PROVIDED DATA:
------------------------------

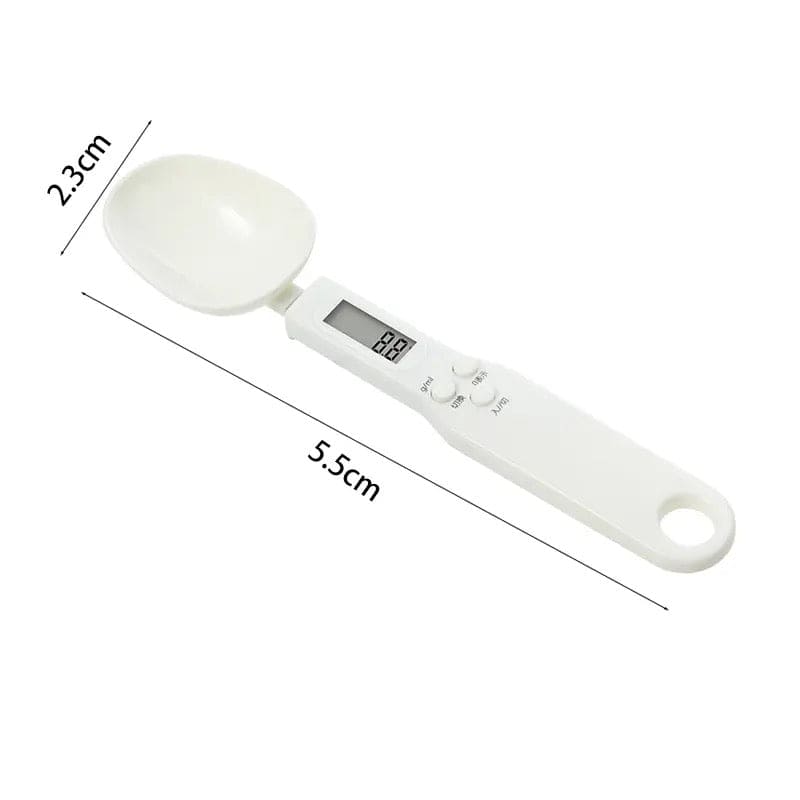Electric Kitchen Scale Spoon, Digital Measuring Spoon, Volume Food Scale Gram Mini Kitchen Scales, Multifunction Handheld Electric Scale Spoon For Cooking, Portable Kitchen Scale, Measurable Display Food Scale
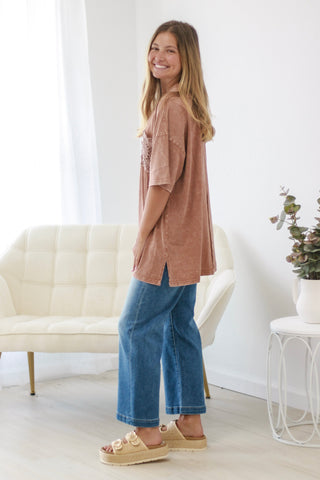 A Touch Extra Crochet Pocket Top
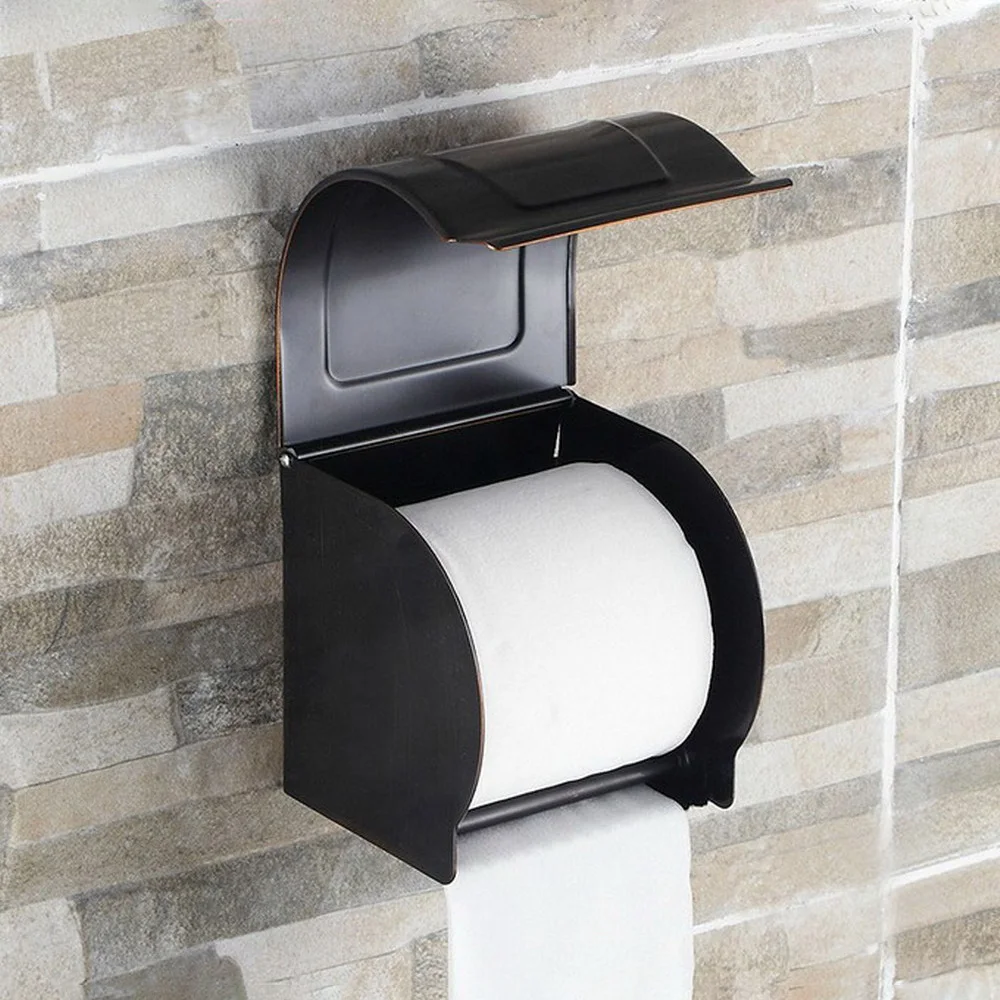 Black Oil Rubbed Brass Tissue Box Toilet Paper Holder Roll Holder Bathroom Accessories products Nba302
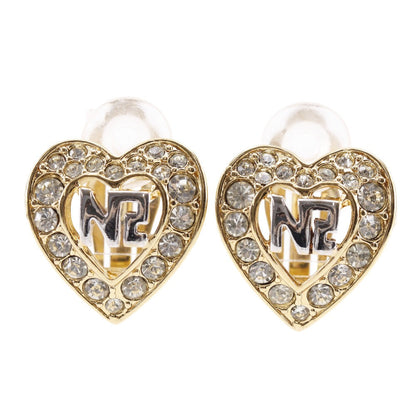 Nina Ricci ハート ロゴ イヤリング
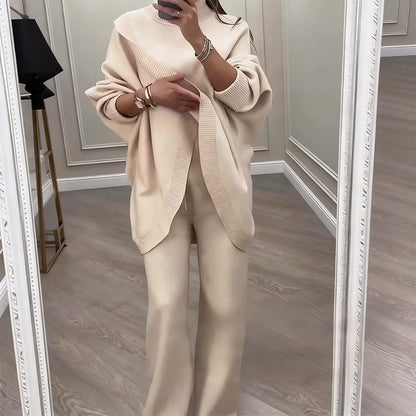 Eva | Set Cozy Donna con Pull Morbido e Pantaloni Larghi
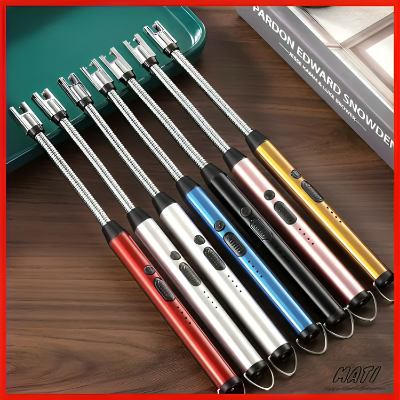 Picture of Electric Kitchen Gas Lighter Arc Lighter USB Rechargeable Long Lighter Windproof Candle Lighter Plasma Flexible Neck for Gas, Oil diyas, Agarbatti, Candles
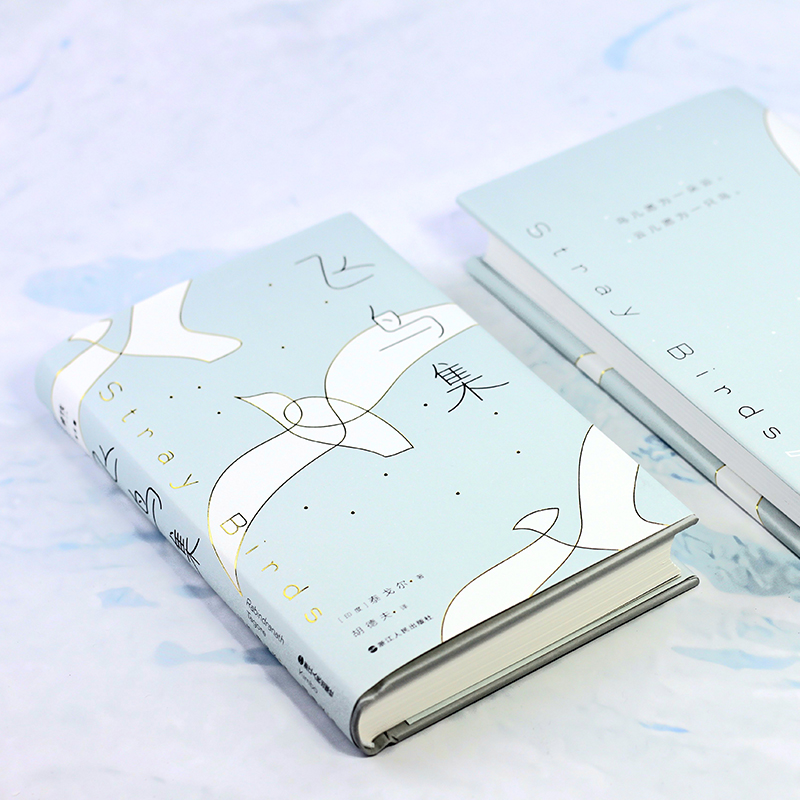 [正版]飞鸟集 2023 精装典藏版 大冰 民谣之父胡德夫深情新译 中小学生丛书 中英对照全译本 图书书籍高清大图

------------------------------

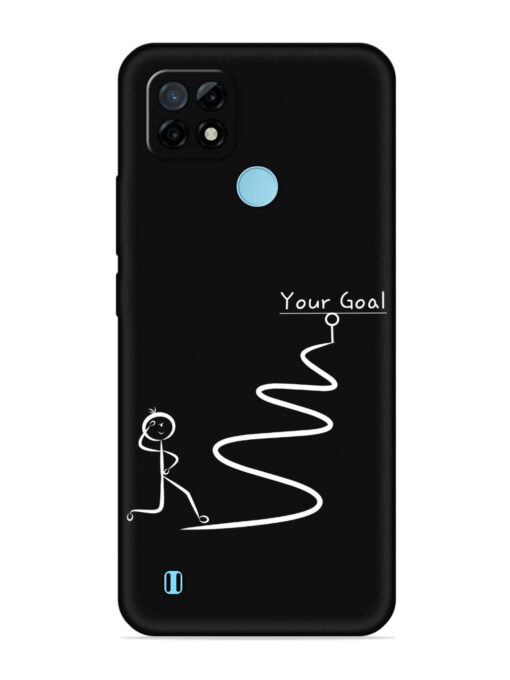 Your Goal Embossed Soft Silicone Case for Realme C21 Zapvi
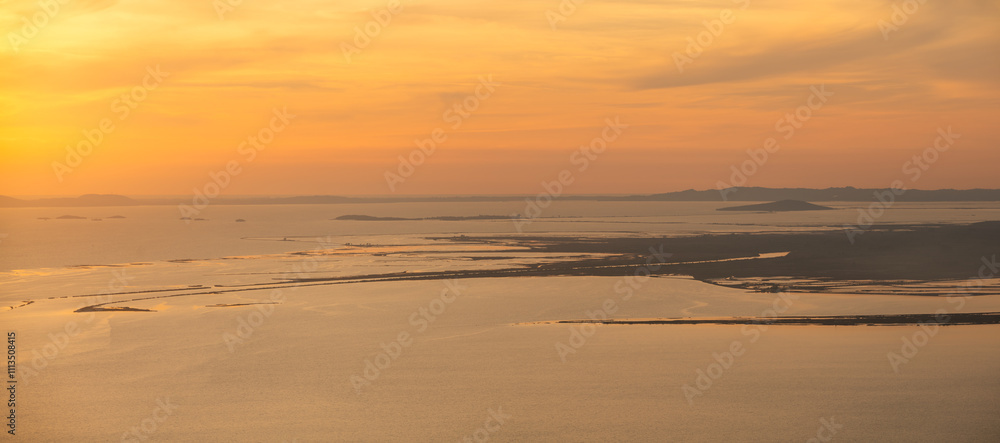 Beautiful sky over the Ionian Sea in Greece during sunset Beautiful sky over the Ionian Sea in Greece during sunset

------------------------------

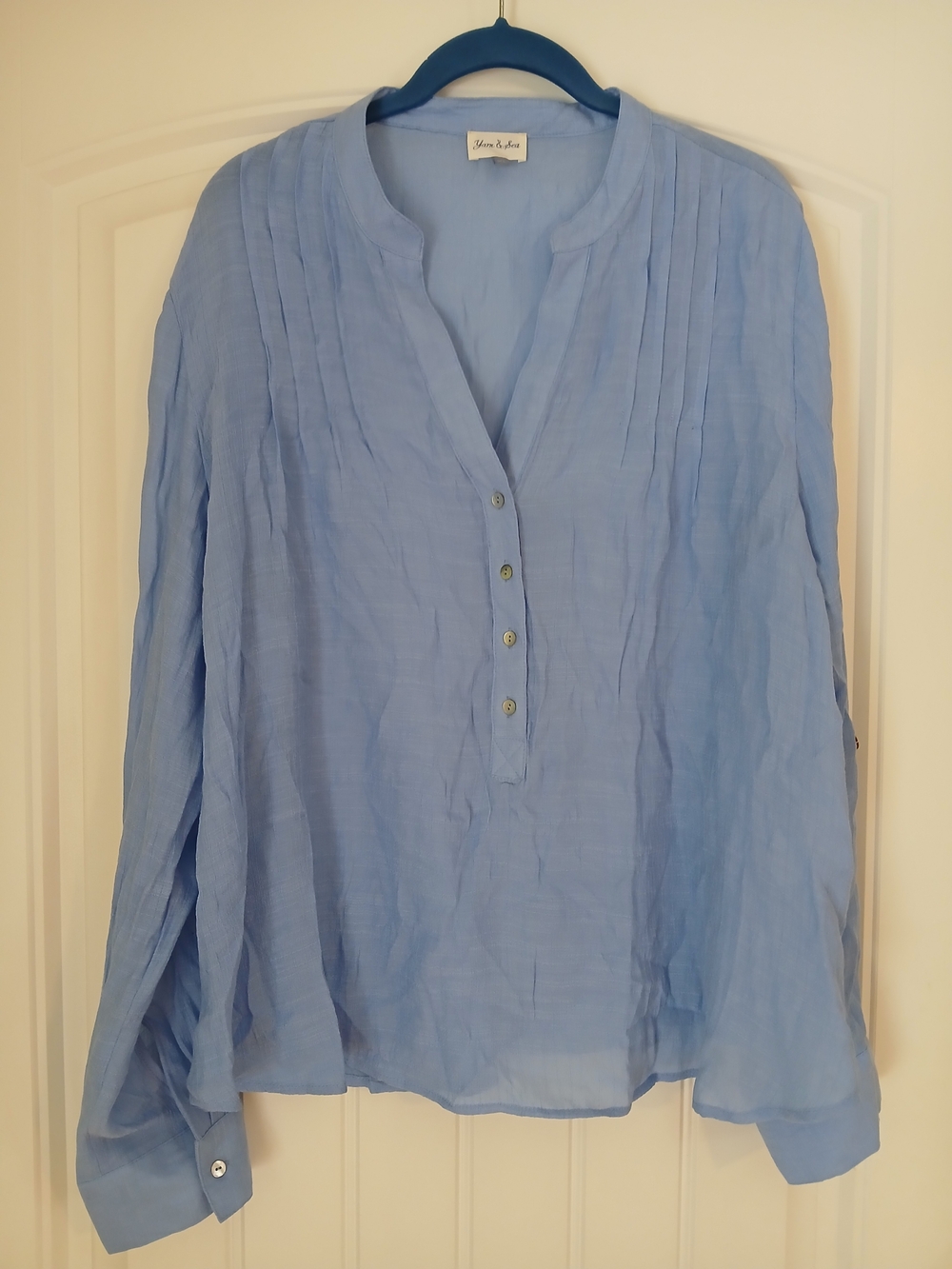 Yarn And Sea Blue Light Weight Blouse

------------------------------

AIM OF THE TASK: Go to the line above holding "Your Goal Embossed", then copy exactly each line down to and including the one holding "during sunset Beautiful", leaving pictures out.

EXPECTED ANSWER:
 Your Goal Embossed Soft Silicone Case for Realme C21 Zapvi
 Beautiful sky over the Ionian Sea in Greece during sunset Beautiful sky over the Ionian Sea in Greece during sunset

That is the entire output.